Re-scan tracked files to discover or update structural references (edges):

atlas scan

Limit to a specific path:

atlas scan ~/projects/myapp
atlas scan ~/projects/myapp/index.html

See Edges & Lineage for more on what scanning discovers.

Rebuilding State

The current_state table is a denormalized cache for fast queries. If it ever gets out of sync, rebuild it from the raw history:

atlas rebuild

This is a safe, idempotent operation — it reads the append-only history tables and reconstructs the current state of every entity.

Verifying Integrity

Check the database for inconsistencies:

atlas verify

This looks for:

  • Orphaned history records (entries without a parent entity)
  • Inconsistencies between current_state and raw history
  • Foreign key violations

Exporting Data

Export all history as JSON Lines (one JSON object per line):

atlas export

Export a specific table:

atlas export --table entities
atlas export --table hash_history
atlas export --table edges

Available tables: entities, hash_history, path_history, name_history, current_state, edges, file_traits.

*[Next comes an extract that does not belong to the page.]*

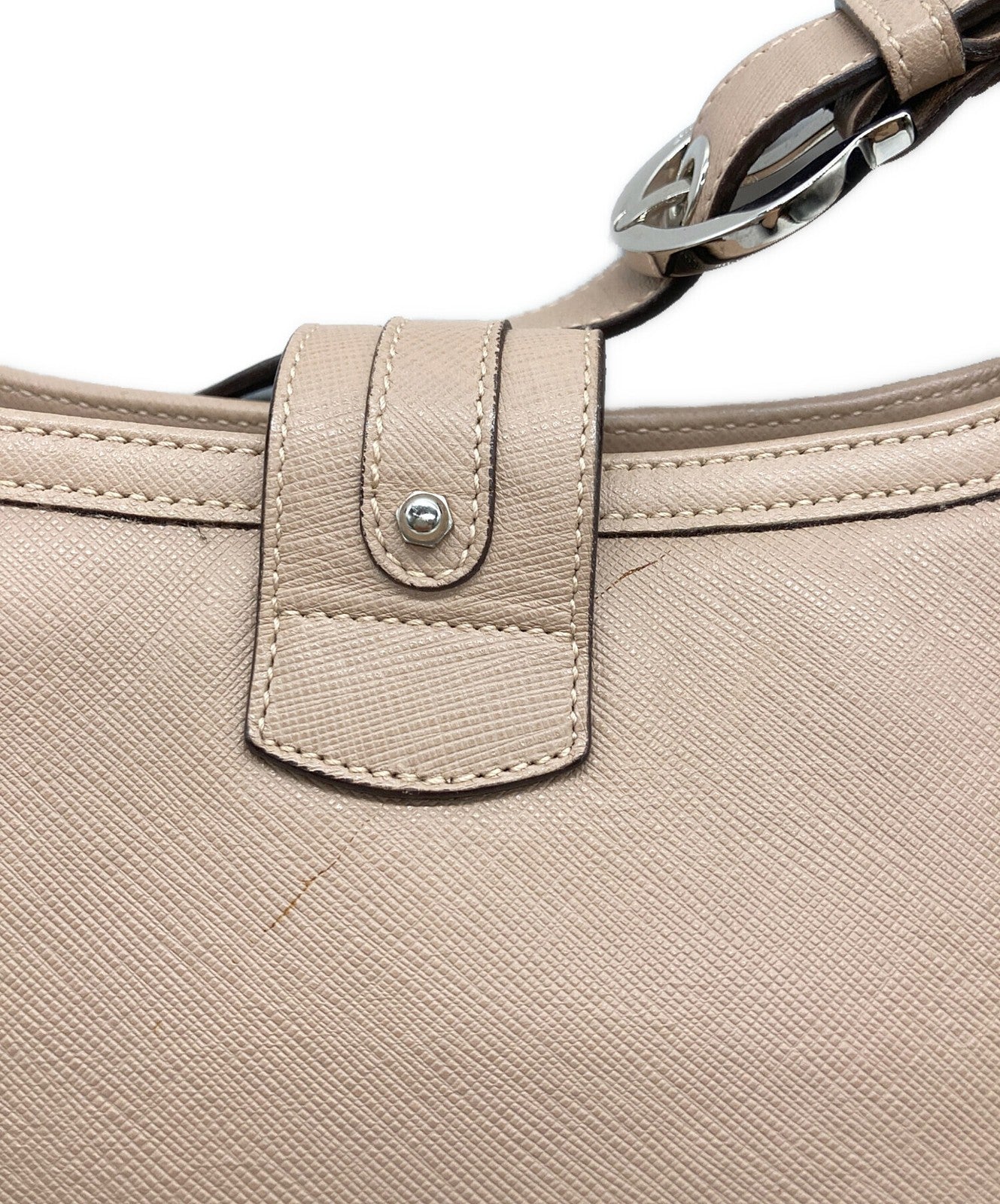 Salvatore Ferragamo Shoulder Bag Purse Gancini Beige Authentic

The first line is a version header for forward compatibility:

{"atlas_export_version":1,"schema_version":14}

Subsequent lines include a _table field indicating their source:

{"id":"abc123...","created_at":"2025-03-10T14:30:00+00:00","_table":"entities"}

See JSON Output for more on working with Atlas’s data programmatically.

Database Location

All Atlas data lives in ~/.atlas/:

FilePurpose
atlas.dbSQLite database (primary data store)
atlas.db-walWrite-ahead log (auto-managed by SQLite)
atlas.db-shmShared memory file (auto-managed by SQLite)
atlas.pidDaemon process ID (while running)
atlas.logDaemon output log
config.tomlUser configuration (optional)
.consentFirst-run consent marker

Backups

The simplest backup is to copy the database file while the daemon is stopped:

atlas stop
cp ~/.atlas/atlas.db ~/backups/atlas-backup.db
atlas start

Alternatively, use atlas export to create a portable JSON Lines dump that doesn’t depend on SQLite.